Tomorrow at 2:00 pm GMT the Bank of Canada (BOC) will publish its monetary policy decision for the month of June.
What are markets expecting? More importantly, how may major CAD pairs react?
Here are points you need to know:
What happened last time?
- BOC raised overnight rates by 50 basis points to 1.00% as expected
- “Quantitative Tightening” to start on April 25
- GDP forecasts revised lower for 2022 (from 4.0% to 3.5%) and 2023 (from 3.5% to 2.5%)
- Inflation estimates revised higher for 2022 (from 4.2% to 5.3%) and 2023 (from 2.3% to 2.8%)
As expected, Governor Maclem and his team raised BOC’s interest rates by 50 basis points in April.
They also took cues from the Fed and began shrinking its balance sheet by allowing maturing Canadian government bonds to go unreplaced. Macklem estimates that around 40% of the bonds in the balance sheet will mature in the next two years.
What caught the markets’ attention was BOC announcing that “interest rates will need to rise further” after sharing that more than two-thirds of Canada’s CPI component is rising faster than 3%.
The lack of end in sight for BOC’s interest rate hikes helped push CAD higher against the safe-haves and its fellow comdolls. It also helped stem intraday downswings against European currencies like EUR and GBP.
What are traders expecting this time?
- BOC to overnight raise rates by another 50 bps to 1.50%
- Word on the impact of high interest rates on the economy
- Unless there’s renewed hawkishness, CAD’s reactions may be limited
BOC is widely expected to raise its interest rates by another 50 basis points to 1.50%. That’s the highest since January 2020!

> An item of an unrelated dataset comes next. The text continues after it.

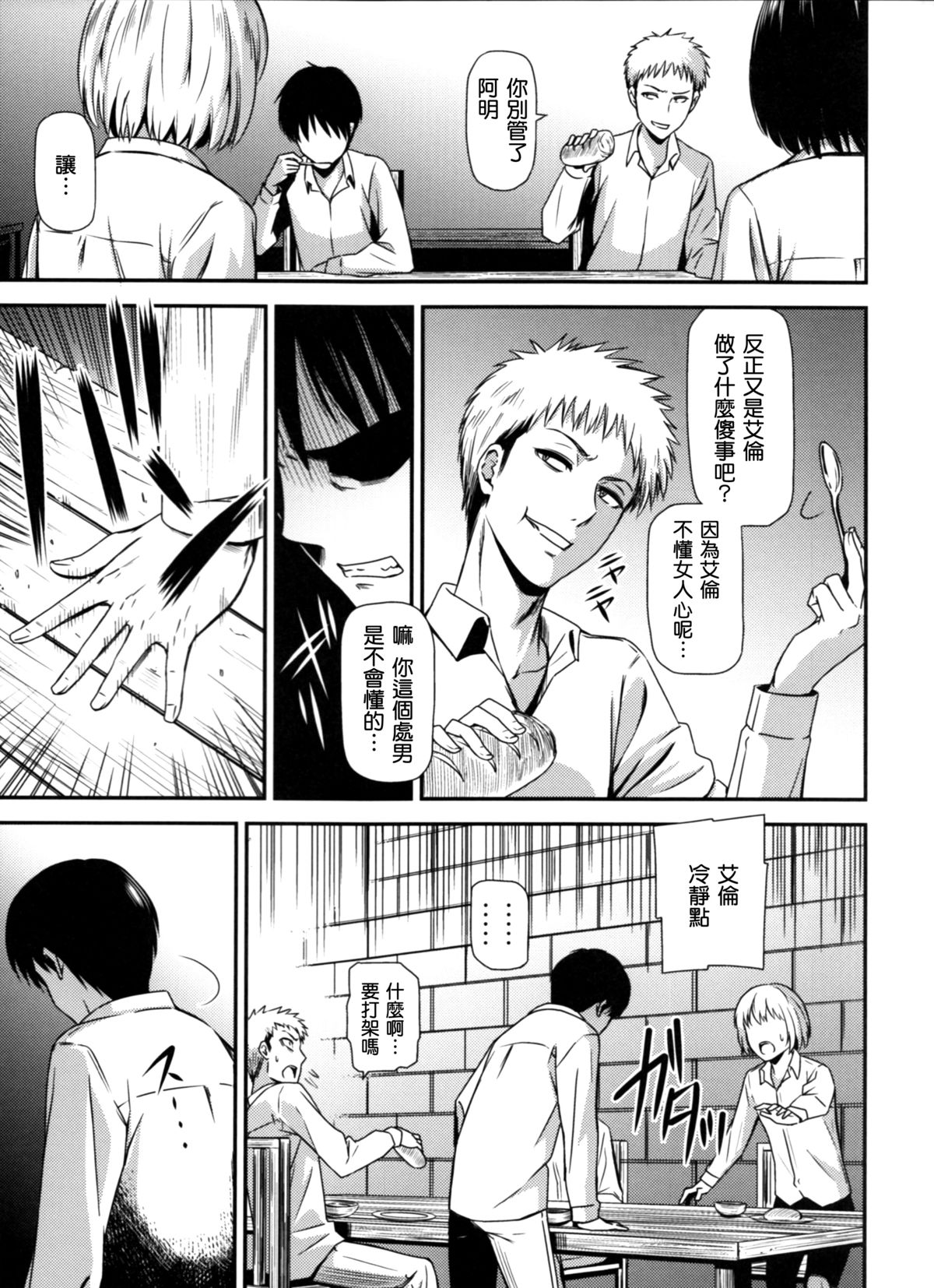 (C87) [Kiyosumi Hurricane (Kiyosumi Hurricane)] Gekishin Yon (Shingeki no Kyojin) [Chinese] [无毒汉化组] page 6 full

But since the move is widely anticipated (read: priced in), CAD may not see as much volatility as it had in April.
Any hints from the presser may help. Back in April, Maclem was confident that “the economy can handle” higher rates. BOC won’t publish new growth and inflation estimates this time but talks of persistently high inflation would put further rate hikes on the table.
Unless we see a 75-basis point hike or talks of even more rate hikes, then CAD could see a buy-the-rumor, sell-the-fact situation if not ignore the event in favor of bigger economic themes.
That doesn’t mean you shouldn’t trade CAD during the event though!
You can check out the major CAD pairs’ short and long-term trends to see if there are trend entry opportunities.
You can also compare CAD’s current performance against its major counterparts and compare them to their CAD’s average volatility in case there’s room for mean reversion plays.
Good luck and good trading this event!